The present teaching concerns the generation of synthetic mobility traces and means for synthetization of mobility traces from measured mobility traces.
BACKGROUNDA mobility trace is essentially a representation of a movement in the physical world. For example, a mobility trace may represent the movement of a subject (e.g., a pedestrian, a cyclist, or a car) between an initial location and a final location, which may be the same as or different from the initial location. The mobility trace includes information on where the subject was located after departing from the initial location and before arriving at the final location. Typically, a mobility trace can be implemented as a route comprising an ordered sequence of at least three positions. The first and last positions represent the initial and final location respectively and the position or positions in between represent the location of the subject between departure and arrival. The order of the sequence represents the chronology in which the movement traverses the positions. As such, the order is the most general representation of a time-series. Optionally, absolute timestamps or relative durations can be associated with some or all positions. In case all positions have an associated time information, this may define the order of the sequence irrespective of other types of data structures or storage formats.
Each position can be according to a horizontal position representation, for example including a pair of numbers defining a geographic latitude and longitude respectively. The present disclosure is not limited to a particular position representation and extends also to other position representations, for example geohash. It also applies to relative positions, for example in a local coordinate system covering a limited area or region of interest.
Mobility traces pose a particular challenge for data synthetization because the statistical patterns observed are entirely different than for more typical numeric data fields. They are tied to patterns like geographic features and traffic flows that are not directly observed in the data. A method to synthesize this type of data without relying on external, complementary data (map data etc.) may try to extract the traces of these patterns from actual mobility data, i.e., observed mobility traces or—in other words—sequences of measured positions of actual subjects. Hence, such a method will be capable of determining a particular representation of observable, real-world conditions. It is thus solving a technical problem.

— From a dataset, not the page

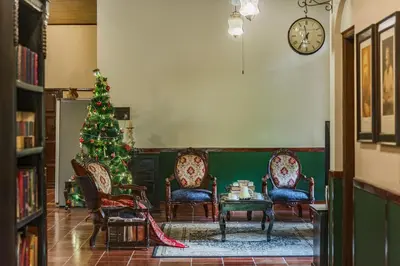 a living room with a christmas tree and chairs at SaffronStays Calamondinn Bungalow - 5BR Colonial Heritage Home within Coffee Plantation in Coorg in Gonikoppal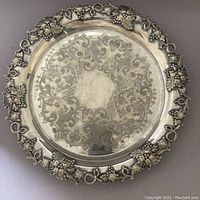 Top view of antique silver plate serving tray showing etched design and grape vine patterned rim.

US 2020/0012902 A1 concerns the generation of synthetic time-series data generally, listing time-series data with dimensions corresponding to longitude, latitude, cancer incidence, population density, air quality, and water quality as examples. It discloses the segmenting of training data in general and the use of a trained sequence-to-sequence model for generating synthetic segments. The possibility of clustering training data is only mentioned as a general remark. Overall, this publication provides a high-level broad and general disclosure of various possible tools for synthesizing time-series data, but it lacks detailed and workable teaching related in particular to the application of synthesizing mobility traces. Specifically, there is no disclosure of a two-dimensional clustering or of a combination of clustering with any particular model architecture like RNNs or sequence-to-sequence models; and notably there is no teaching for training from or generating mobility traces.

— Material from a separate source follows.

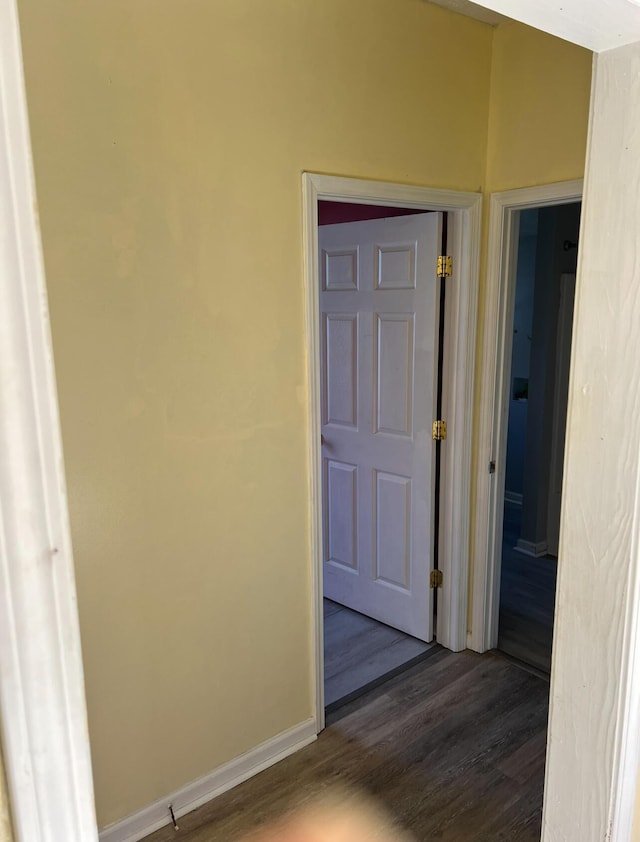 115 Georgia St, Winchester, KY 40391 - corridor with dark wood-style flooring and baseboards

Another related publication is US 2017/0262773 A1. This document also concerns the generation of synthetic data and includes an example concerning particularly location data, namely the New York Taxi Data Set. However, this data set is limited to pairs of locations representing the start and end point of trips. There is no teaching with regard to the problem of generating intermediary locations. Thus, there is no workable disclosure for generating synthetic mobility traces.
A detailed disclosure of the generation of synthetic time-series data can be found in the article “eCommerceGAN: A Generative Adversarial Network for E-commerce” by Kumar et al (Kumar, A., Biswas, A., & Sanyal, S. (2018); arXiv preprint arXiv:1801.03244). They describe a Generative Adversarial Network (GAN) for orders made on e-commerce websites. The article discloses a sequential generative model, which in principle can also be used for generating other types of synthetic time-serious data, such as synthetic mobility traces. In particular, the model-specific parameters, training strategies and conditions apply irrespective of the type of data and the present application refers to this and similar publications for implementation particularities regarding the general model and the general training methodology.

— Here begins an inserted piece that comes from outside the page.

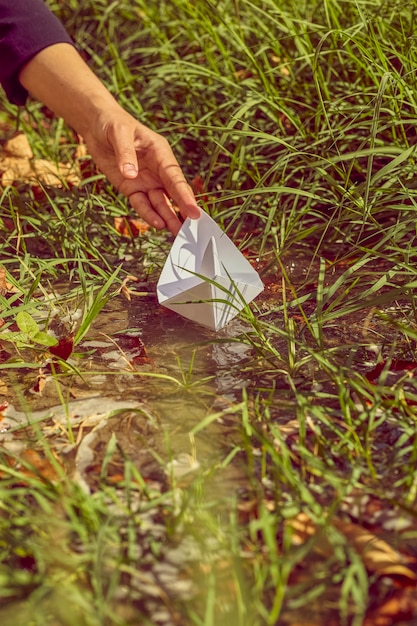 Mujer poniendo un barco de origami en el agua.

However, models and approaches known in the prior art turn out to have less than desirable performance when applied to the problem of generating synthetic mobility traces. Specifically, the synthetic mobility traces generated by the prior art methods tend to overrate the importance of traces segments along common paths. Put simply, e.g., regarding mobility traces of cars, prior art models tend to generate movement profiles that stay on the highway. They seem to overlook that the highway is almost never the purpose of the movement, and they underestimate start locations and goal locations distant from such common paths, effectively producing unrealistic—and hence low-quality—mobility traces.
SUMMARYIt is an object of the present teaching to provide a method for generating more realistic synthetic mobility traces.
The present teaching is directed to a computer-implemented method for synthesizing mobility traces based on a staged approach involving generation of generic routes during a first stage and a generation of specific routes during a second stage. One or both stages may be implemented by using machine learning models trained on actual (i.e., measured) mobility traces of actual subjects. Hence, within the scope of the present teaching are a computer-implemented method for training a first machine learning model—to be used during the first stage—as well as a computer-implemented method for training a second machine learning model—to be used during the second stage (or possibly any additional intermediary stage as described further below).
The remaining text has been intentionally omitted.